I Think I Love You: Q&A with Allison Pearson
I know I'm starting at the end, but I loved your interview with David Cassidy printed at the back of book -- he was so candid about his days as a pop idol. Did that interview give you the idea to write the book?
Actually I was thinking about it after I'd written my first book I Don't Know How She Does It [now a movie opening on September 16]. I was in Norway publicizing the book, and I was sitting with all these women from my publisher, and they asked me what my next book might be about. And I said, "I'm thinking about writing something about a girl who is obsessed with David Cassidy." Immediately all the women around the table started to chat about their teen crushes -- "I loved David Cassidy! I loved Donny Osmond!" And there was one woman, the Norwegian translator for I Don't Know How She Does It, and she was a very refined-looking, quiet, academic type of person, and I started to feel a bit uncomfortable. I thought, "Oh my God, she's thinking who are these idiot women talking about some pop star from 1974?'" But then she looked at me when there was a gap in the conversation and said, "But he was mine." And I thought, that's it! We all thought he was ours -- including me. So when I was writing the book I put a little sticky note on my computer that said "but he was mine," and I wrote toward that feeling.
It's such an amazing emotion in a young girl's life. It doesn't last for very long, but when it's there, oh boy, it's the dress rehearsal for love.
It would have been very easy to satirize or make light of a teen girl's obsession with a pop star, but you took it very seriously -- it felt so genuine and honest.
When I started digging into my research on David Cassidy, I realized -- to my absolute horror -- that I remembered more about David Cassidy than I could about men who I'd actually lived with! I could remember his birthday, the names of his pets -- I thought it was amazing. That kind of love is a very potent thing, and I was interested in exploring what it meant.

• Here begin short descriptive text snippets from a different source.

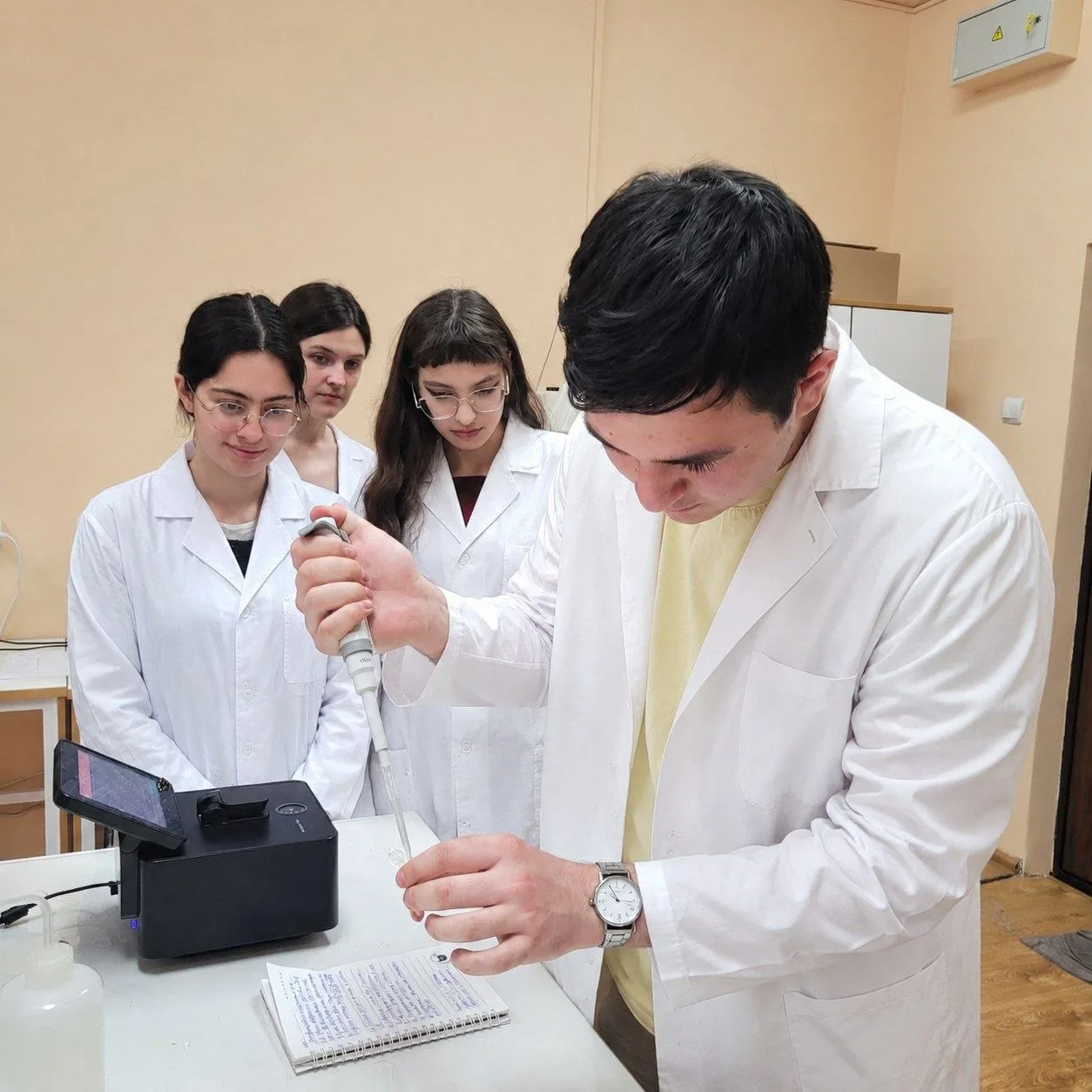 🧪Первокурсники ФЕНиТа погрузились в мир современной биохимии  Для студентов-химиков и биологов 1 кур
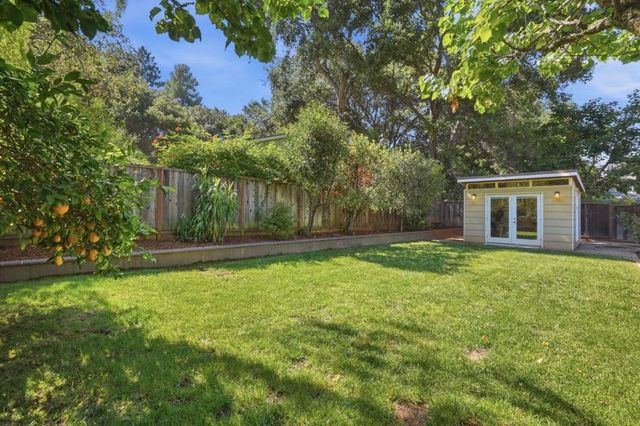 20660 Lomita Avenue, Saratoga, CA 95070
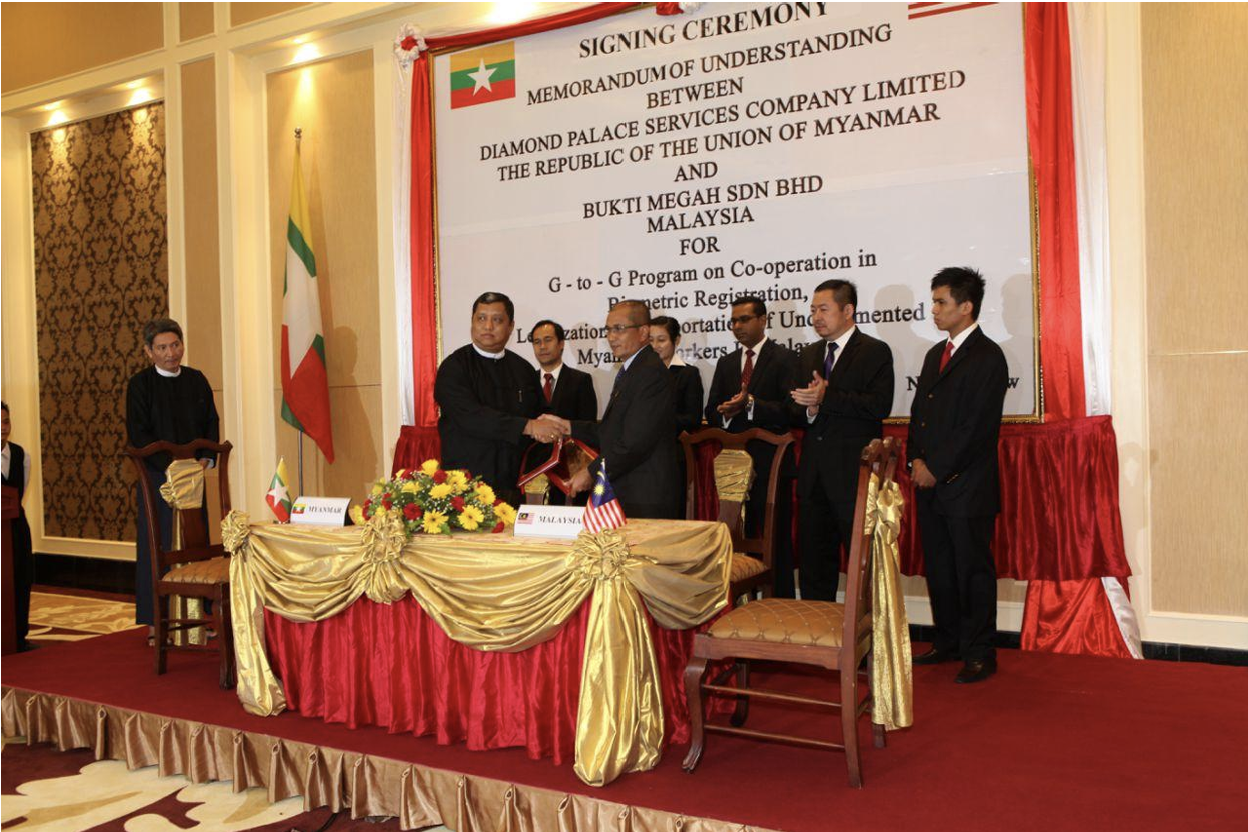 Biometric consular system demonstration to a government delegation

I think women are natural romantic novelists, and the teen crush is the first love story we tell ourselves, and to some extent we go on throughout our lives telling ourselves stories about love. There's a line in the book when the journalist for the David Cassidy magazine, Bill, has told Petra that he was actually the one who wrote all of the David Cassidy letters and she gets disappointed, feeling like it was all a lie. And he says, "No, it was an incredible love story and you told it to yourself with all your heart, and it was true."